In practice, to do numerical computations with vectors and matrices, you should use NumPy and other packages from the SciPy collection.

Vector Take #1: Initialization and Inspection

Our first step enables building and inspecting instances of vector. We’ll use an array of doubles to store the arguments passed to the constructor:

from array import array

class Vector:

    def __init__(self, components):
        self._components = array('d', components)

    def __repr__(self):
        components_str = ', '.join(str(x) for x in self._components)
        return '{}([{}])'.format(self.__class__.__name__, components_str)

Like the standard Python console and debugger, iPython uses repr(v1) to render a v1 object, triggering a call to v1.__repr__():

v1 = Vector([2, 4, 6])
v1

The first line of the __repr__ method uses a generator expression to iterate over the array of floats to render each as a string, then joins them with commas. The second line builds a string with the name of the class (eg. 'Vector()') and the components string inside the parenthesis, emulating the syntax of a constructor call with a list argument.

Insight: why repr and __repr__, len and __len__?

You may be wondering why we say that Python calls repr but we implement __repr__. With the FrenchDeck it was the same thing: we saw that len(deck) resulted in a call to deck.__len__().

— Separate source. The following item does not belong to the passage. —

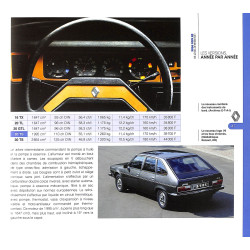 LA RENAULT 20 ET 30 DE MON PÈRE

There is a practical reason: for built-in types, a call such as len(obj) does not invoke obj.__len__(). If the type of obj is a variable length built-in type coded in C, its memory representation has a struct named PyVarObject with an ob_size field. In that case, len(obj) just returns the value of the ob_size field, avoiding an expensive dynamic attribute lookup and method call. Only if obj is a user defined type, then len() will call the __len__() special method, as a fallback.

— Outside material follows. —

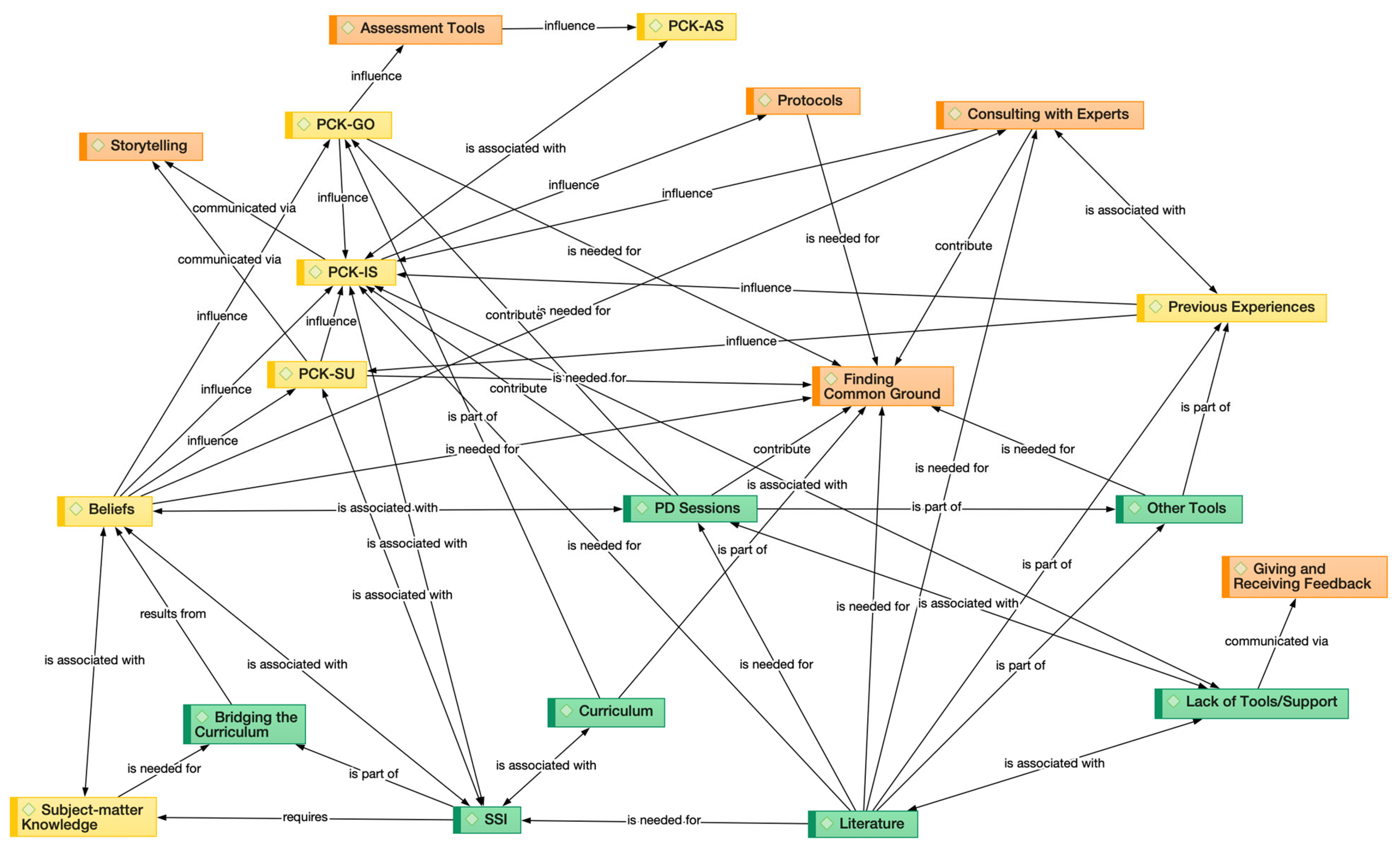Sustainability 15 11055 g007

A similar rationale explains why Java arrays have a .length attribute, while most Java collections implement .length() or .size() methods. The difference is that Python strives for consistency; it optimizes the operation of the fundamental built-in types, but allows our own types to behave consistently by implementing the special methods defined in the data model.

Vector Take #2: Iteration

As mentioned, the recommended way to make an iterable object is to implement an __iter__ method that returns an iterator.

from array import array
import math

class Vector:

    def __init__(self, components):
        self._components = array('d', components)

    def __repr__(self):
        components_str = ', '.join(str(x) for x in self._components)
        return '{}([{}])'.format(self.__class__.__name__, components_str)

    def __iter__(self):  # <- - - - - - - - - - - new method
        return iter(self._components)

Here I just call the iter() built-in on the _components array to get an iterator that will return each component of the vector. As a result, here are some things we can do with vector instances now:

v3 = Vector([10, 20, 30])
x, y, z = v3  # tuple unpacking
x, y, z

list(v3), set(v3)  # seed collection constructors

for label, value in zip('xyz', v3):  # parallel iteration with zip
    print(label, '=', value)

By the way, did you know that the zip built-in function has nothing to do with compressed files?

The Pythonic zip

The zip function is named after the zipper fastener. The fastener works by interlocking pairs of teeth taken from both zipper sides, a good visual analogy for what zip(left, right) does: producing tuples of items to allow parallel iteration over two or more collections.

Understanding zip is a small but important step to becoming a fluent Pythonista. Like enumerate and reversed, zip is often used in for loops to support use cases that would require error-prone index manipulations in a language like C. Python’s for loop prevents many bugs by handling the index for you and producing the items you actually want. Most Python code I’ve seen that explicitly manipulated indexes in for loops could be written more readably and safely using one or more of these functions. In Python 3, zip, enumerate, and reversed return generators, so they are memory-efficient and fast.

Vector Take #3: map-reduce and `abs`

Now that Vector is iterable, we can easily compute its absolute value using the Euclidean norm. The formula is a generalization of the Pythagorean theorem:

We can code the sum inside the square root using the map-reduce functional programming pattern. In the map stage we compute the square of each vector component, and in the reduce stage we add them up.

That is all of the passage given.